Last week I received an unexpected Facebook email from Mike, an old New York City colleague. He'd recently quit his job at Apple and come to Australia for a few months with his wife and young daughter. He figured that his little girl would be starting school pretty soon, so it was now or never.
He chose now.
How funny, I thought, as I read his message. He had crossed my mind earlier on that very same day. I'd read an interview in one of the Melbourne daily newspapers, maybe the Herald Sun, with Daryl Hall, who was touring Australia with John Oates for the first time in aeons. I know Mike is a huge fan -- possibly the only admitted one I know -- and I'd wondered if he knew they were here. (He did.)
But then, isn't everyone these days? Oprah Winfrey's first trip to Australia was announced while I was here for the first time in 2010, and since then, the stars, past and present, seem to keep coming. I just saw a TV news teaser about Roxette's first Oz concert dates in 17 years; Adam Ant arrives in March for the first time in 30 years; and New Order was here a few minutes ago. Considering Australia's fertile contemporary music scene, and that it's not nearly as nostalgia-obsessed as Buenos Aires, in my mind, it wouldn't be an obvious host to acts like Hall & Oates, Roxette, Adam Ant, or New Order, all of whom are so 20 years or more ago.
Yet here they come, joining Rod Stewart, right here right now, Soundgarden, who recently played Oz for the first time in 14 years, and Erykah Badu, who's coming through next week. Madonna has announced that she will be swinging down under for the first time in 20 years in early 2013, just in time to wave goodbye to Lady Gaga, who's coming around before 2012's up.
Australia: now or never. Well, maybe not never. But why not now?
For ex-colleagues as well as for pop stars. Earlier this week, Traceye, another former co-worker, contacted me on Facebook after talking to Mike. She's in Melbourne, having recently embarked on a six-month world tour that had already taken her to Sydney, and would bring her to Southeast Asia in the coming weeks. She was ticking off all of the boxes there: Bangkok, Malaysia, Vietnam, Cambodia, Burma.
While debating internally whether I should tell her that nobody calls it Burma anymore, I mentioned that the country now known as Myanmar might not be the safest place for a woman traveling alone. But here's someone who is planning on going skydiving and bungee jumping in New Zealand. Clearly this single lady doesn't need a safety net any more than she needs a guy to put a ring on it.
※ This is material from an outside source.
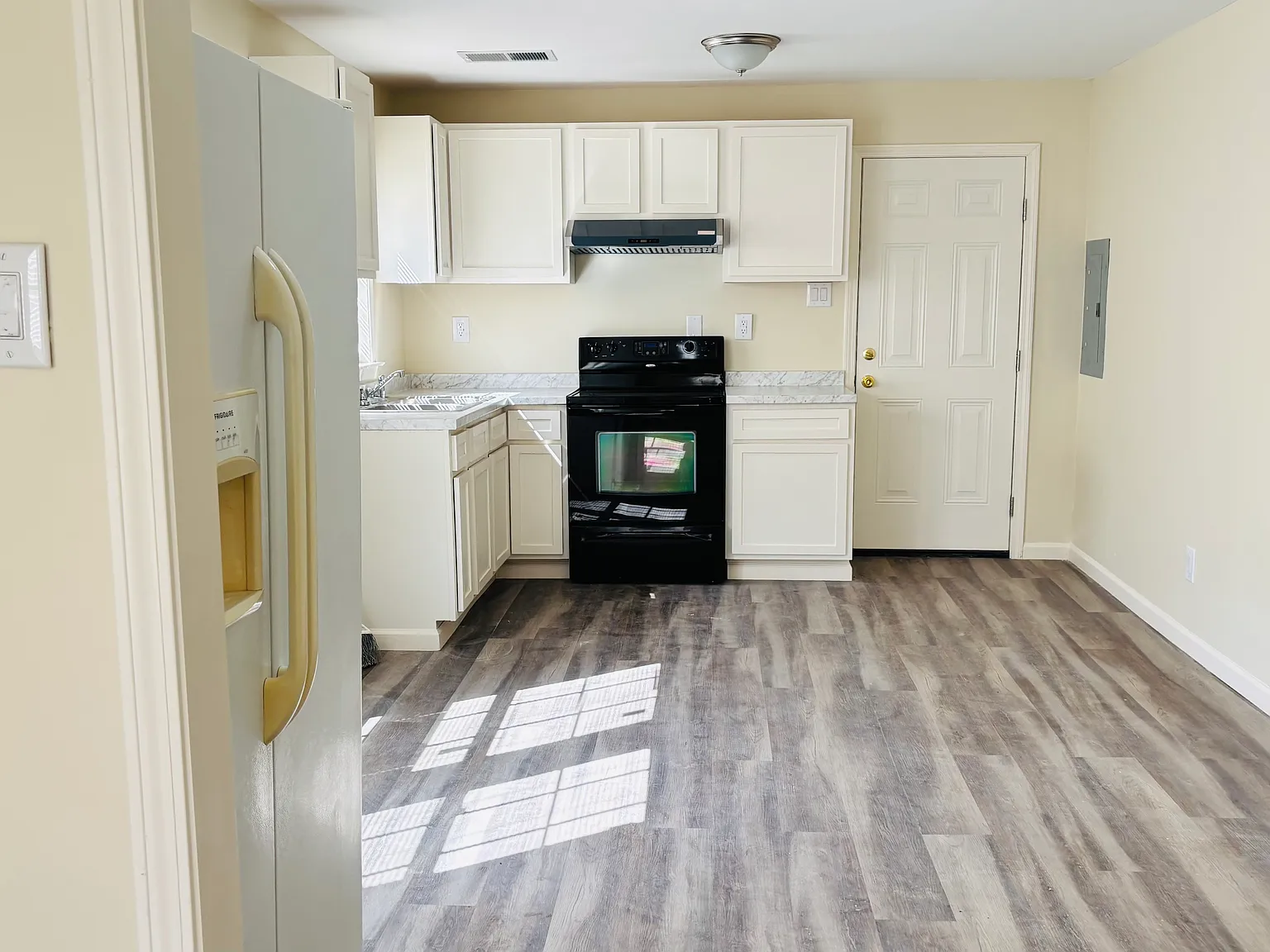 2 bed, 870 sqft, $995 — Photo 2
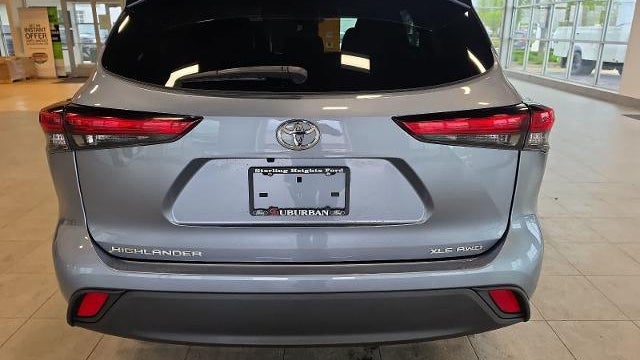 2023 Toyota Highlander LE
Australia is not the only destination for Americans desperately seeking something different. It seems not a week goes by that I don't hear from a friend who has a friend who is taking a few months off to spend quality time in Buenos Aires, in India, in Bangkok.
There's restlessness in the air back home. Just last week, Andrew, an Australian, told me that the general consensus among Australians is that Americans don't like to travel, that they have no real sense of adventure. No, we don't live to go trekking the way all Aussies seem to (why rough it on the side of a mountain when you can luxuriate in five-star splendor, I always say), but we're starting to get out more.
"The new 'get me out of here!' is also tied to New York and the U.S. no
longer being the promised land," my best friend Lori wrote to me in an email this morning. "There are no jobs and no money. One can live cheaply on the other side of the world."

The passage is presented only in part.